While the occasional bee flying across the left wall, buzzing above your head, or shrapnel from an explosion flying past you from the top has its noteworthy mind-blowing effect, it’s just that — occasional. You get surprised, look up and get back to the scene. Instead, I noticed the strength of the in-ceiling speakers in filling out ambient sounds and taking some of the load off the upfront speakers.
The environment in the movie does come to life and there’s a noticeable difference when you switch from Dolby Digital surround sound to Dolby Atmos. Dolby’s intelligent processing sends ambient sounds to the ceiling speakers and brings a pleasant and subtle change that you’re aware of.
To test how they compare against upfiring speakers, I brought my pair of Klipsch R-41SA speakers, set them up on my friend’s front tower speakers, and hooked them to the receiver. You may have realized the installation difference already. It requires no mounting, no drilling on the ceiling, and offers an easier and more convenient alternative by reflecting the sound from the ceiling. But how do they sound?
While both the upfiring and in-ceiling speaker setups sound great compared to regular old planar surround sound, the in-ceiling setup has a distinctive edge. The dedicated in-ceiling speakers did a better job of mimicking the high above sound effects. They are also better at “filling up” the room with ambient sounds.
If you want to completely ditch the receiver, you can go for a setup with rear speakers, a subwoofer, and a soundbar with integrated upfiring speakers.
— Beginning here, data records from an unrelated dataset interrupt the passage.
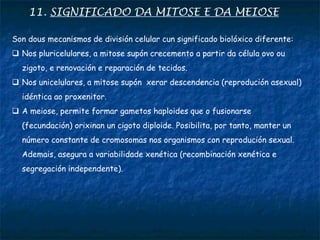 11. SIGNIFICADO DA MITOSE E DA MEIOSE
Son dous mecanismos de división celular cun significado biolóxico diferente:
 Nos pluricelulares, a mitose supón crecemento a partir da célula ovo ou
zigoto, e renovación e reparación de tecidos.
 Nos unicelulares, a mitose supón xerar descendencia (reprodución asexual)
idéntica ao proxenitor.
 A meiose, permite formar gametos haploides que o fusionarse
(fecundación) orixinan un cigoto diploide. Posibilita, por tanto, manter un
número constante de cromosomas nos organismos con reprodución sexual.
Ademais, asegura a variabilidade xenética (recombinación xenética e
segregación independente).
 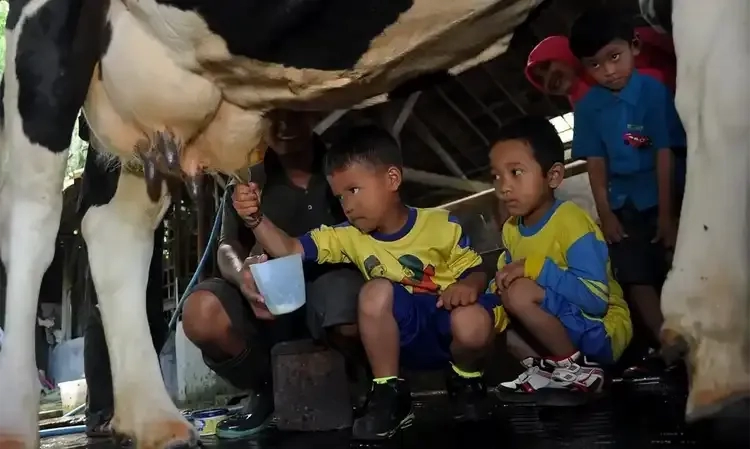 Produksi Susu Segar Anjlok dan Impor Melonjak, Ini Alasannya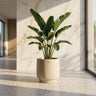 Pot Aline — Ciment — Taupe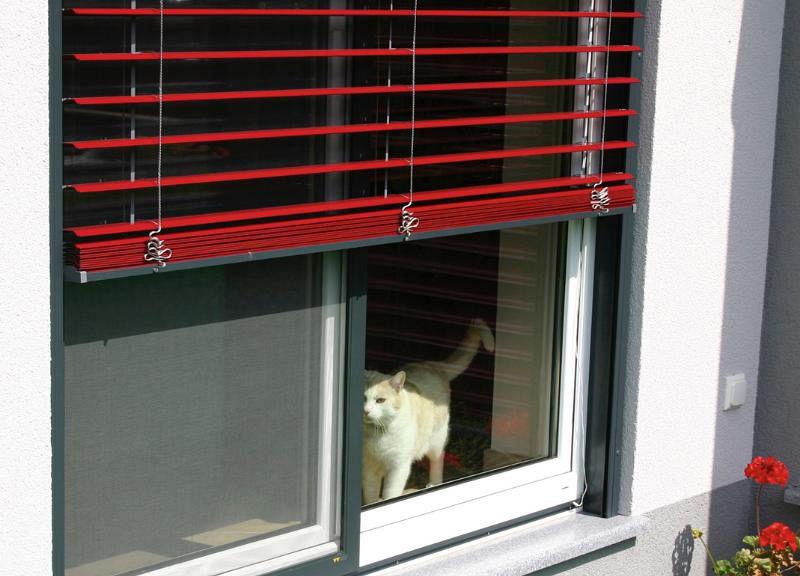 komarnik in rdeča zunanja žaluzija na oknu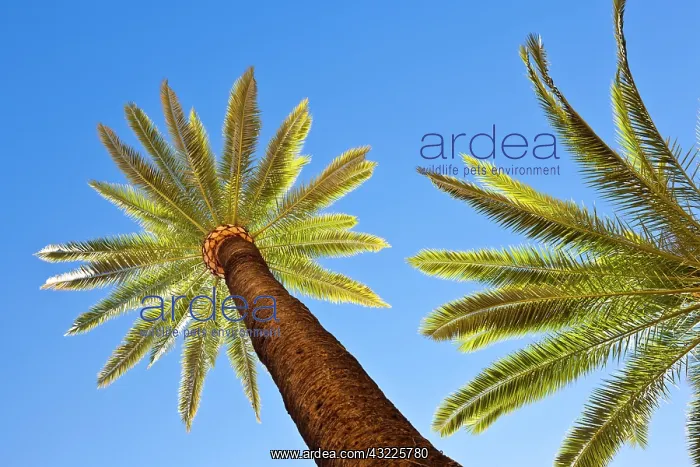 : Spain, Andalucia Region, Seville Province : Spain, Andalucia Region, Seville Province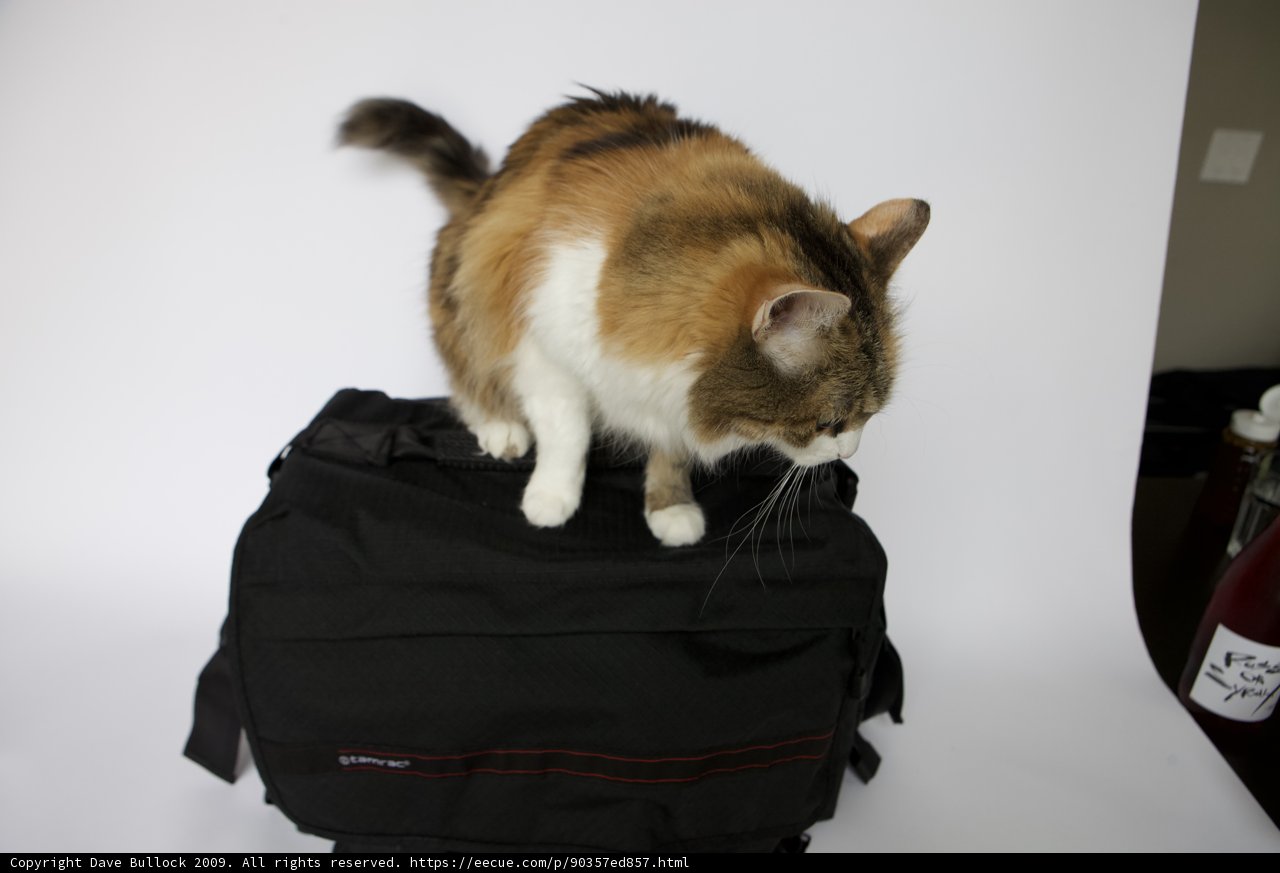 Feline on the Go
This kind of setup would also save you a lot of money.
While in-ceiling speakers are better, if you live in a rented home, you would have to go through a lot of hassle to drill holes in the ceiling and do behind-the-wall wire routing. That’s why I still prefer the Dolby Upfiring speakers that bounce sound off the ceiling.
Dolby Atmos Height Virtualization
I also tried Dolby Atmos height processing with their Dolby Atmos Height Virtualization. You can try this out to get the “feel” of Atmos if you don’t want to invest in either upfiring or in-ceiling speakers. Dolby signal processing uses your existing 5.1 or 7.1 speakers and implements height filters to trick your ear into thinking that the sound is coming from above. However, it can’t come close to the real thing and is often a hit or miss.
If you want to enjoy Dolby Atmos in all its glory you need speakers with overhead sound to complete that 3D bubble effect. In my opinion, most people would prefer the upfiring speakers since they don’t have to drill holes in the wall, go through the mounting process and offer a great experience overall. While in-ceiling speakers are definitely better, the difference isn’t drastic enough to make me consider them.